Après que le président Donald Trump tempête et accuse plusieurs partenaires européens de refuser toute contribution militaire ou logistique aux opérations menées par Washington dans le détroit d’Ormuz, l’administration aurait lancé une nouvelle initiative pour inciter ses alliés à l’aider à débloquer ce point de passage essentiel au commerce international.
Selon la chaîne américaine NBC vendredi, une note interne du Département d’État - l’équivalent de notre ministère des Affaires étrangères - a été envoyée à tous les postes diplomatiques américains. Elle fait état d’une nouvelle coalition appelée « Maritime Freedom Construct » (MFC), soit « Construction pour la liberté maritime », déjà évoquée par le Wall Street Journal.
En collaboration avec le ministère américain à la Défense, « Maritime Freedom Construct » vise pour la diplomatie américaine à partager des informations avec d’autres nations pour assurer un transit sûr à travers le détroit, ainsi qu’à coordonner les actions diplomatiques et économiques contre l’Iran.

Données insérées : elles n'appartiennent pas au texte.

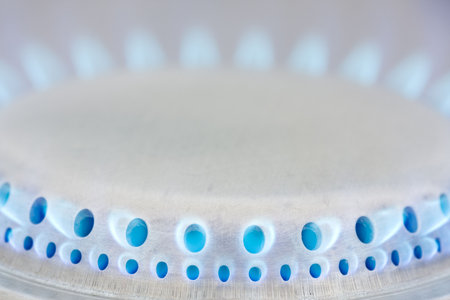 Burning blue flames of a gas stoveの写真素材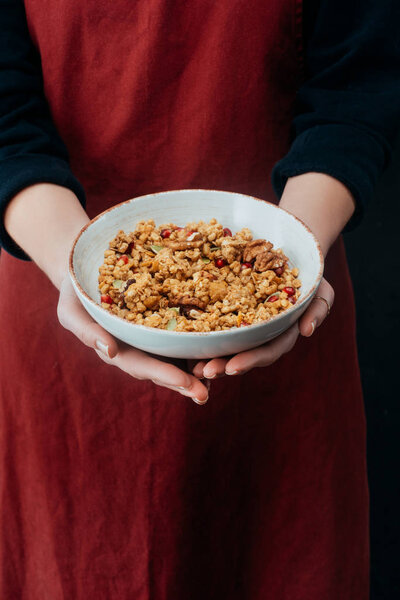 cropped image of female cook holding bowl with granola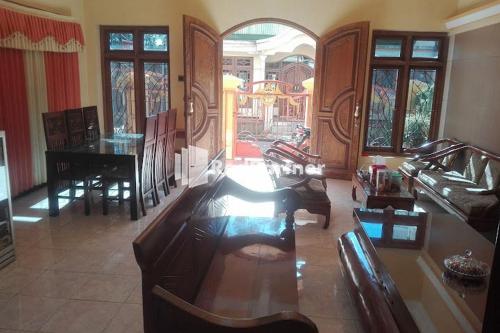 a living room with a couch and a table and chairs at Bromo Indah Lestari Homestay Mitra RedDoorz in Pasuruan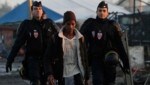 Ein junger Flüchtling wird von zwei französischen Polizisten aus dem Lager von Calais begleitet. (Bild: ASSOCIATED PRESS)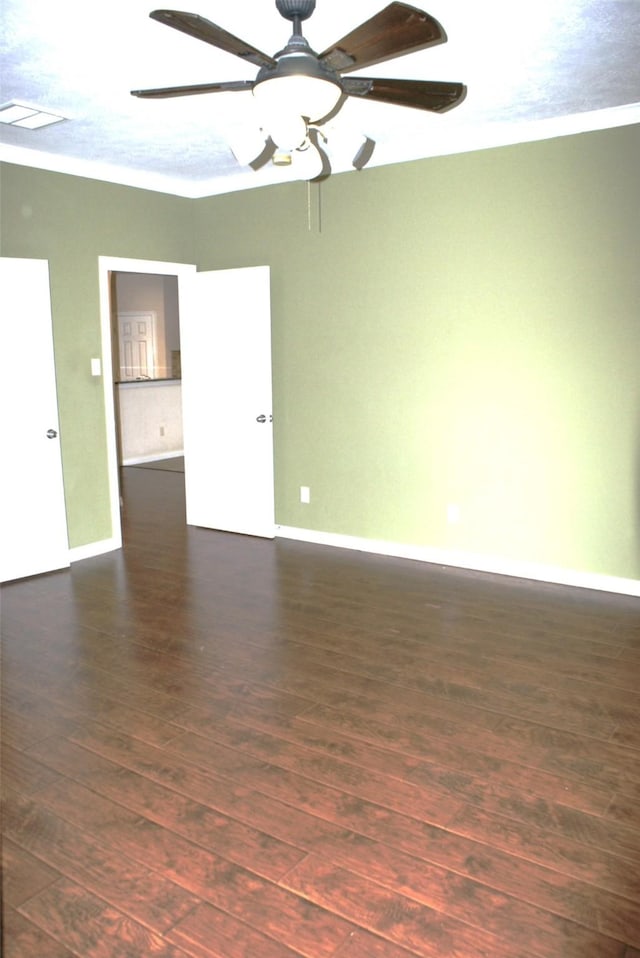 empty room featuring baseboards, visible vents, ornamental molding, and dark wood-style flooring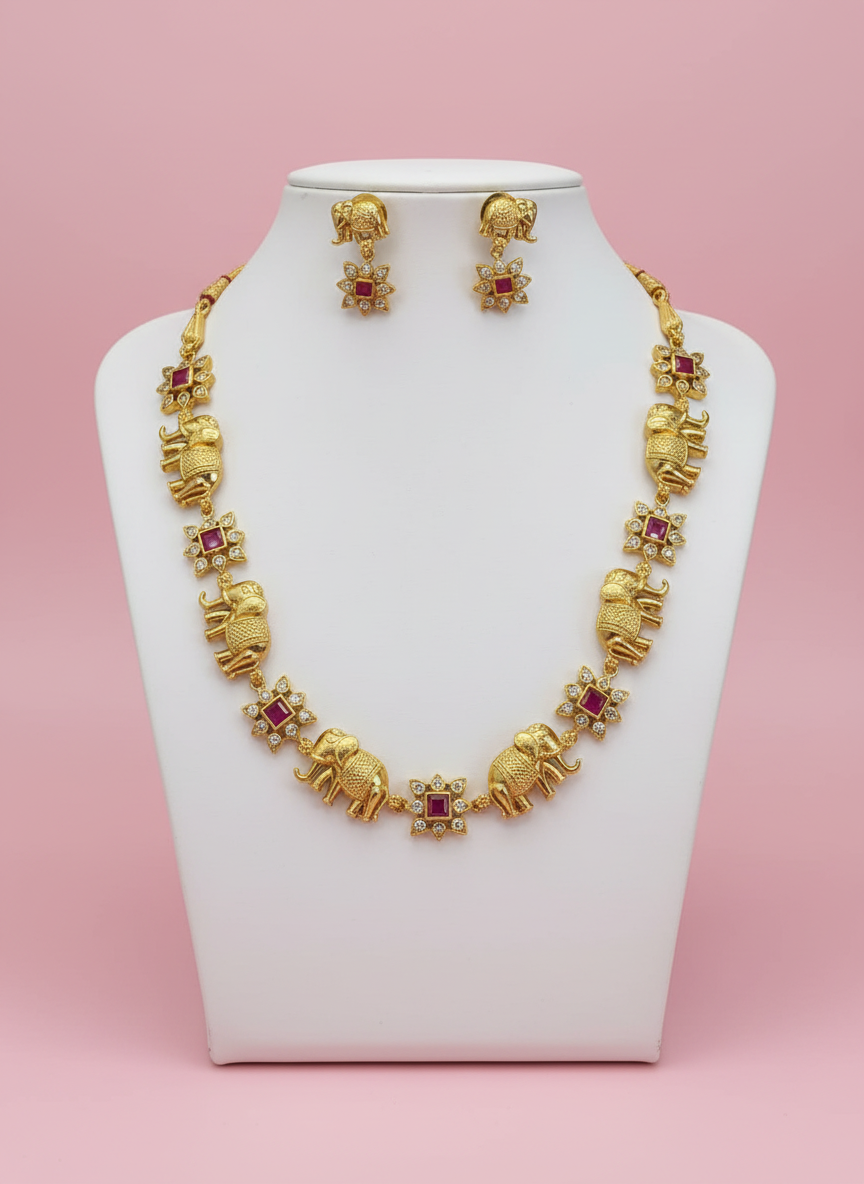 Gold necklace with elephant and ruby designs on a white stand against a pink background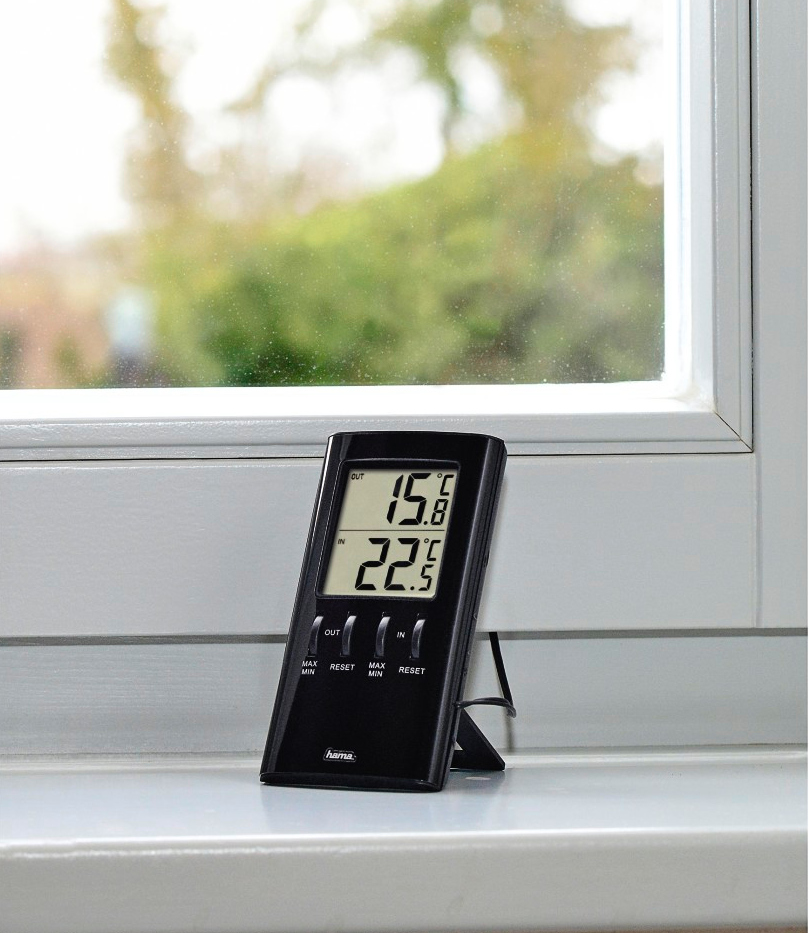Een zwarte digitale thermometer op een vensterbank, met binnen/buiten temperaturen.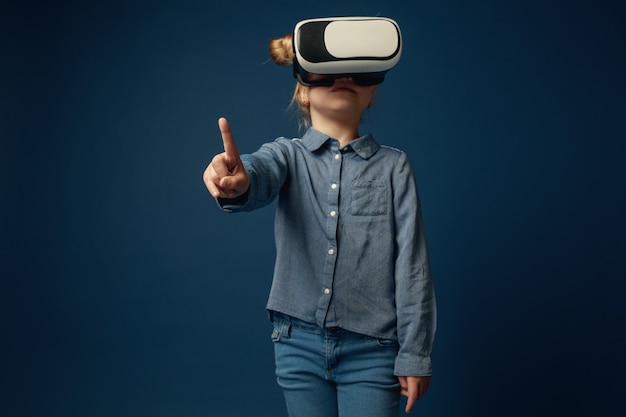 Little girl in jeans and shirt with virtual reality headset glasses isolated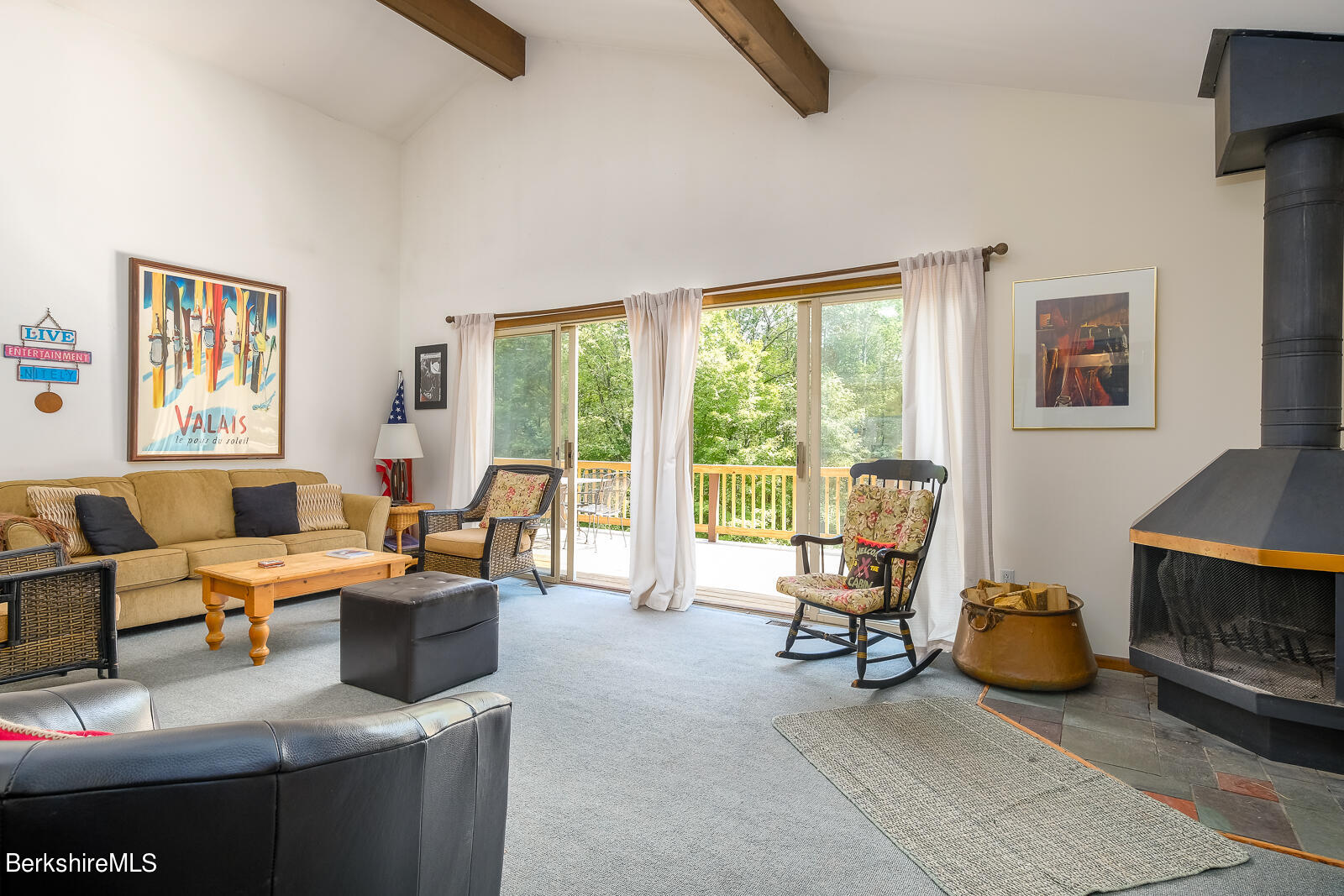 3023 Hancock Road Hancock, MA 01267 - Photo 12 of 23 a living room with furniture a window and a fireplace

Le Commandement central des États-Unis, le fameux « CentCom », assurerait la coordination du trafic maritime en temps réel et la communication directe avec les navires transitant par le détroit.
Complémentaire de l’initiative franco-britannique
Selon la note, les diplomates américains déployés dans le monde sont invités à présenter l’organisme de coordination multinational à leurs réseaux étrangers d’ici vendredi prochain et à assurer aux alliés et partenaires que « tous les niveaux d’engagement sont les bienvenus ».
La coalition MFC serait, assure le document de service, « complémentaire aux autres groupes de travail sur la sécurité maritime, notamment à l’effort de planification maritime mené par le Royaume-Uni et la France », selon la note de service. « Nous sommes impatients d’établir des canaux de communication avec le Royaume-Uni et la France afin d’apaiser les tensions et de coordonner étroitement nos efforts », indique même le câble. Le Royaume-Uni et la France ont mené des discussions sur une initiative pour débloquer et sécuriser Ormuz, et ont récemment tenu une réunion avec plusieurs dizaines de pays.
Depuis le déclenchement des frappes israélo-américaines sur l’Iran le 28 février dernier, et plus encore depuis le blocus naval d’Ormuz par les États-Unis le 18 avril, Téhéran verrouille le stratégique détroit et Trump fustige l’OTAN pour son manque de soutien.
Après avoir demandé de l’aide à ses alliés européens, Donald Trump a ensuite estimé que le détroit d’Ormuz n’était pas son « problème », les États-Unis produisant de quoi subvenir à leurs besoins énergétiques, et que les autres pays devraient se débrouiller seuls pour accéder aux cargaisons bloquées.
Mais les prix à la pompe explosent aussi aux États-Unis et la cote de popularité de Trump chute, à six mois d’élections de mi-mandat cruciales pour lui. « Nous n’avons reçu aucune aide, zéro de l’OTAN », a encore attaqué le président américain vendredi soir lors d’un discours en Floride.
Les prochaines étapes de la mise en place du projet MFC restent floues, mais un responsable de la Maison Blanche a déclaré à NBC News que le voyage prévu par Trump en Chine à la mi-mai serait essentiel, en raison des relations que Pékin entretient avec l’Iran.